In a fiscal note on the original bill the Department of Revenue said that under the proposed changes “the state would expect to collect substantially more revenue from oil and gas production given current production estimates,” but cautioned that the estimate did “not include any changes in company behavior as a result of this proposal.”

Revenue’s estimate of the total fiscal impact for the original bill was $70 million for fiscal year 2018, rising to $195 million for fiscal year 2019 and topping out at $305 million in fiscal year 2027, the last year shown.

In similar data for the committee substitute Revenue showed $45 million in total fiscal impact for FY 2018, $140 million for FY 2019, topping out at $265 million in FY 2026 and dropping to $260 million in FY 2027.

NOL changes

Both the original bill and the committee substitute make changes in how North Slope net operating losses are handled.

The original bill changed the North Slope carry-forward annual loss, the net operating loss, credit rate from 35 percent to 15 percent.

The committee substitute eliminates net operating loss credits for the North Slope.

Net operating losses would continue to be applicable against taxes, with the addition of uplift in the committee substitute. A carry-forward lease expenditure provision in the committee substitute would allow a company to carry forward 50 percent of lease expenditures approved by DNR and not deducted against tax, with the carry-forward amount earning interest for up to 7 years. DNR would develop regulations to establish a review process for pre-approval of those lease expenditures which would generate a carry-forward annual loss.

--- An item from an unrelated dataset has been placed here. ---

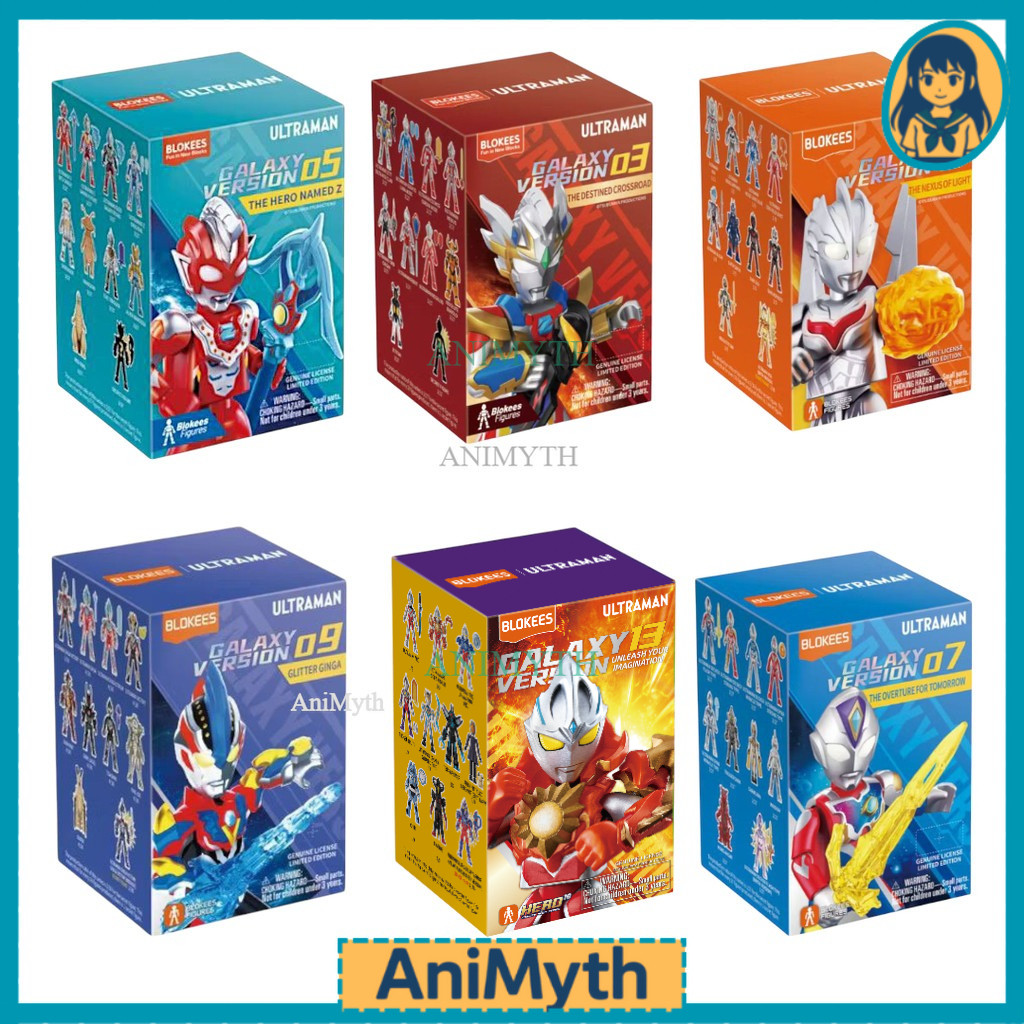 Blokees Ultraman Galaxy Version 13 & 14 Blazar Firdran Armor, Gaia, Agul Kaiju
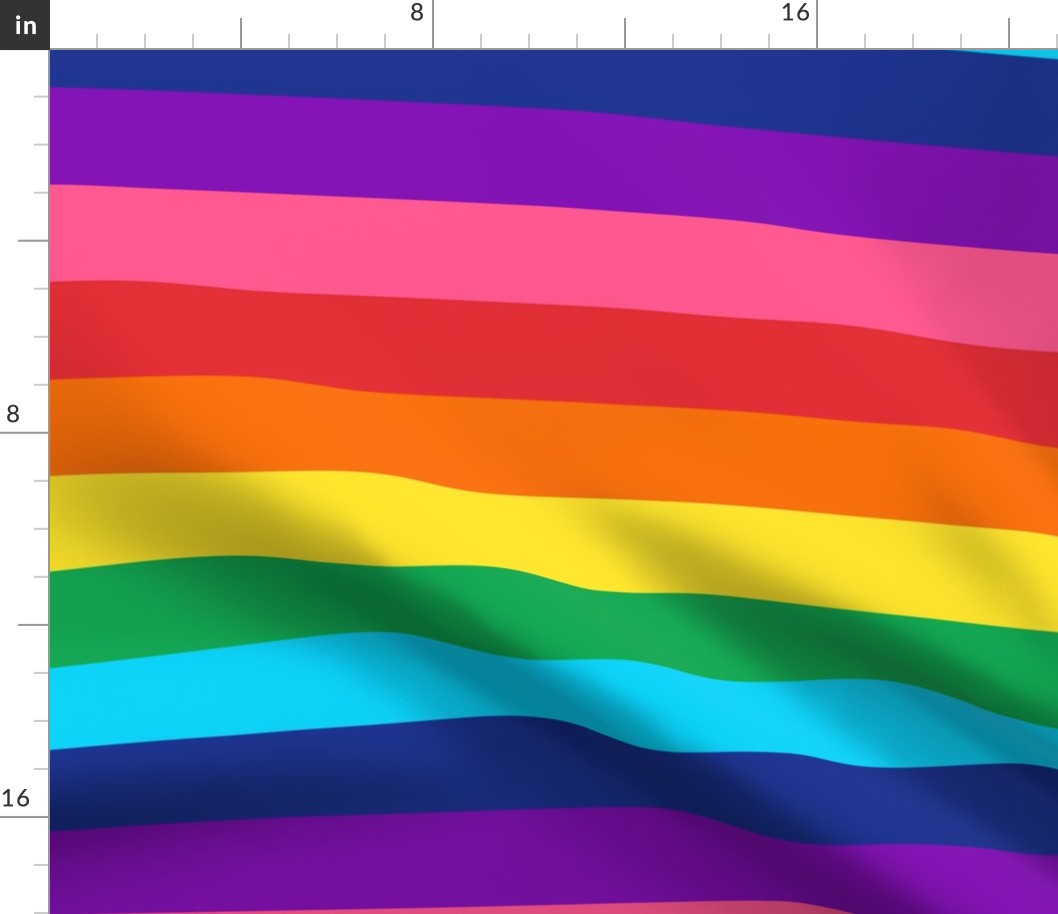 very rainbow bright stripes 2" - X2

The committee substitute establishes a dry hole credit of up to 15 percent for exploration expenditures from a dry hole if all service contracts are paid, the lease is returned to the state and the explorer has no oil or gas production.

Other changes

Among other changes in the committee substitute is a provision that certain confidential taxpayer information could be disclosed to legislators, staff and consultants in executive session after required confidentiality agreements are signed; and establishment of a working group on the Cook Inlet fiscal regime.

In the original bill the minimum tax was not less than 5 percent when the average Alaska North Slope price was $25 per barrel or more for production after Jan. 1, 2018; in the committee substitute the minimum is set at 5 percent when the average ANS price is $50 or more and 4 percent when the average ANS price is less than $50.

The committee substitute requires DNR to write regulations and in a fiscal note DNR said that because regulations have not yet been written, the amount of analysis required is not clear, so the fiscal impact on the department could range from minimal to significant.

The dry hole data and applications would be managed by DNR and the department said it has no idea how many dry hole credit applications there might be, but said additional staff time would be required.

The other change which would impact DNR would be intent language establishing a Cook Inlet Working Group, which would require an unknown amount of staff time.